Ra Ra Riot, “Need Your Light” (2016) and “Valerie” (2013) – I always read their band name in articles about Vampire Weekend, so I didn’t want to listen to them. Their name is too cutesy and they look like a band that *thinks* they’re VW but aren’t as good at writing songs. I still think VW is better, but Ra Ra Riot is the real deal. “Water” is undeniable (although weirdly it does feature Rostam Banmanglij, former member of VW), and their cover of Steve Winwood’s “Valerie” is my jam of the summer.
David Brubeck Quartet, (full discography) (1946-2007) – This group exemplifies what I love most about jazz, especially the real moody “rainy-day Paris with coffee and a long-ass cigarette” type of vibe. I love music that makes me think of New York in autumn, and they’ve got a song called “Autumn in Washington Square.” I LOVE it.
Look Park, “Look Park” (2016) – The album I was listening to on Spotify ended, and since I was driving, I let Spotify play me some other stuff it thinks I would like. Sometimes, like with Look Park, it works! I heard a few songs and was like “GD, that sounds like the dude from Fountains of Wayne, which would make me mad except the songs are so good.” And then I look it up and it’s Chris Collingwood from Fountains of Wayne (blonde guy). It’s folkier and organic sounding than FoW but it’s still got all that great songwriting.
Miles Davis, “Kind of Blue” (1959) – I keep thinking I already talked about this record, and it’s because I did in another guest blog post… but I haven’t yet for MFR I don’t think (You have. -h). Anyway, this album is perfect. Especially when you have aquamarine lighting and tea and some writing to do. A+.
People should really think about giving this kid a chance.

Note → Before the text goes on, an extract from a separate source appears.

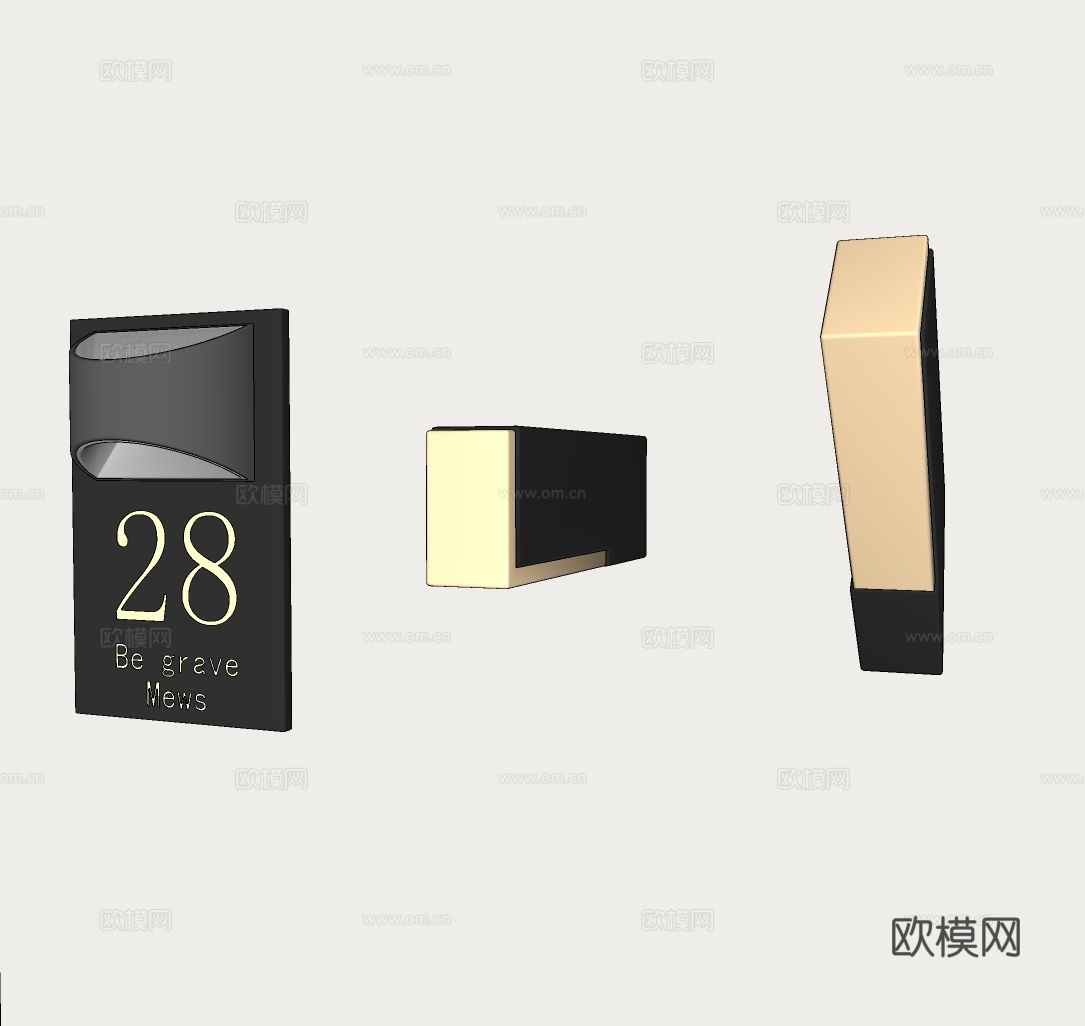 现代室外壁灯 门牌壁灯 户外壁灯 庭院壁灯su模型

Jamie xx, “In Colour” (2015) – After getting obsessed with Burial, my friend Jesse let me know that if I liked Burial, I’d probably like this. I’d tried to listen to it before, but didn’t get it. I wanted to give it another shot, so I put it on in the car home one day. The first track is “Gosh,” and it’s sorta silly but really fun, and when the subtle bass drops halfway through, it’s the best.